Job status panel — import queued after clicking Start Import
Job Progress
The Job Status panel shows real-time progress while the import is running:
- Status — current job status (see below).
- Row counters — processed / total | success | failed.
- Start / Finish times — ISO timestamps shown once available.
Job Statuses
- queued — job is waiting in the processing queue.
- running — rows are actively being written to Elasticsearch.
- completed — all rows were written successfully.
- completed_with_errors — the job finished but one or more rows failed. Successful rows are indexed; failed rows are logged.

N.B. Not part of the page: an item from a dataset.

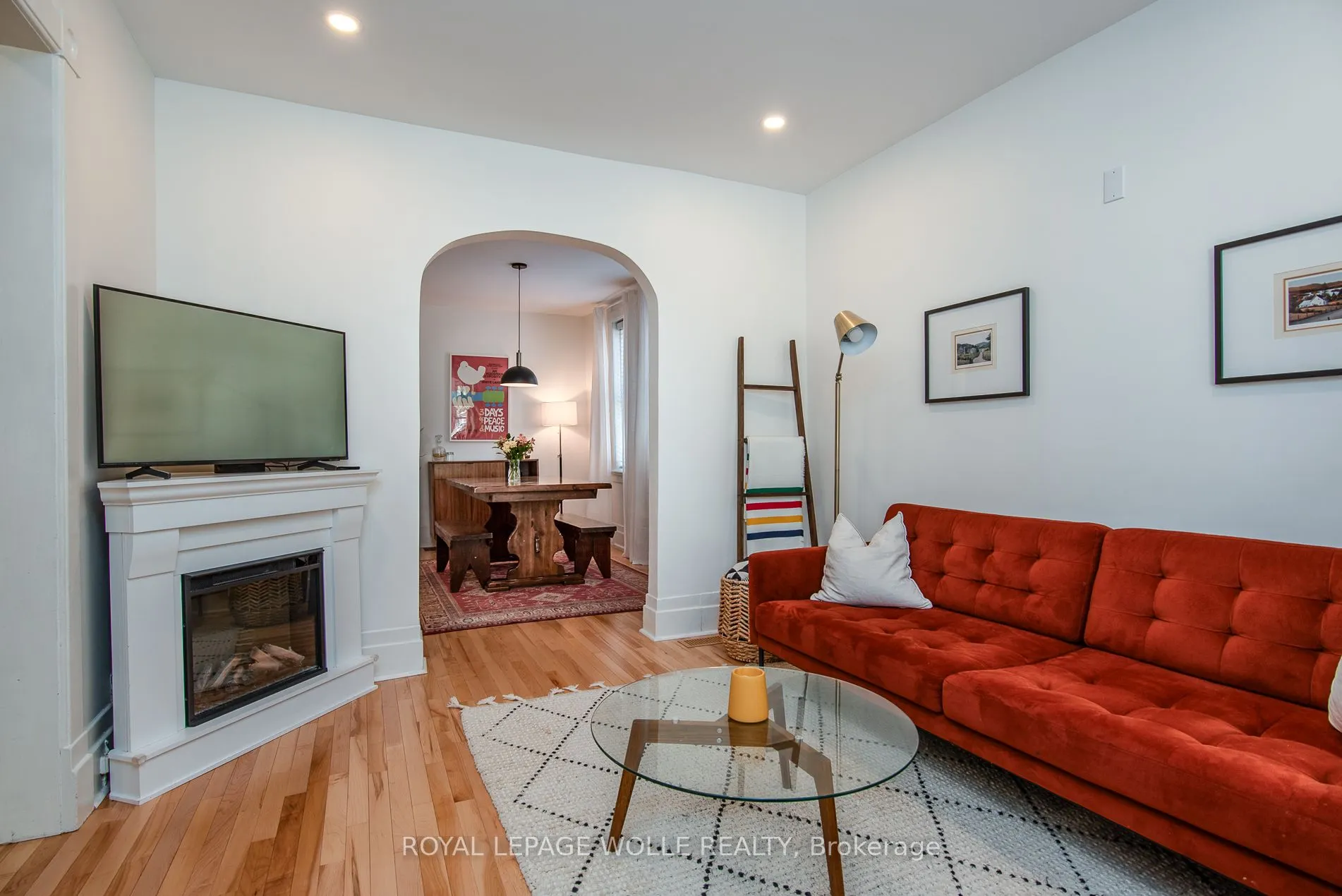 73 Water Street S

- failed — a fatal error stopped the job before it could finish. No rows were written after the point of failure.
Error Rows
When a job ends with status completed_with_errors or has a non-zero
failed row count, a Load Error Rows button appears in the Job
Status panel. Clicking it fetches up to 100 error rows and displays them in a
table with the following columns:
- Row — the 1-based row number in the original file.

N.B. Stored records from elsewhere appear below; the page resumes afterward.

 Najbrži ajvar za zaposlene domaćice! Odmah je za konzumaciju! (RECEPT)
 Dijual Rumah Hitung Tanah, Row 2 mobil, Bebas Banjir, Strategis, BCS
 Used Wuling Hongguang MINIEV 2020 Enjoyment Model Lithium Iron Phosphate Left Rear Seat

- Primary Key — the primary key value of the failing row, if available.
- Error — a human-readable message explaining why the row failed.
Quality Gate — automatic job termination
To prevent runaway imports from filling the index with garbage data, the system
monitors error patterns during the run and stops the job early if either of two
thresholds is crossed. When a quality gate fires the job transitions to
failed — not completed_with_errors — and the reason is
recorded in the error summary.
-
100 consecutive row errors — if 100 rows in a row all fail without a single successful row in between, the job is stopped immediately. A successfully written row resets the counter to zero.
-
80 % error rate — checked every 1 000 processed rows. If at least 80 % of all rows processed so far have failed, the job is stopped. This check only activates after the first 1 000 rows have been processed.
Import Job List
Navigate to Data Import in the sidebar to see all previous import jobs. The list updates automatically every 3 seconds when any job is still queued or running. Each row shows the API, model, status or live progress bar, row counters, and start/end timestamps. Click the inspect icon to open the Job Detail page.
Import Job List — live progress bar on running jobs
Import Job Detail
The Job Detail page provides the complete record of a single import job, including:
Import Job Detail — stat cards, metadata and error rows table
- Stat cards — total rows, successful rows, failed rows, progress percentage.
- Full metadata — job ID, API, import mode, model, endpoint path, primary key column, generate-unique-ID flag, has-header flag, delimiter, file name and type.
- Error summary — a badge indicating whether a fatal error occurred and its message.
- Error rows table — row number, primary key, error message, raw row data, and timestamp for every failed row.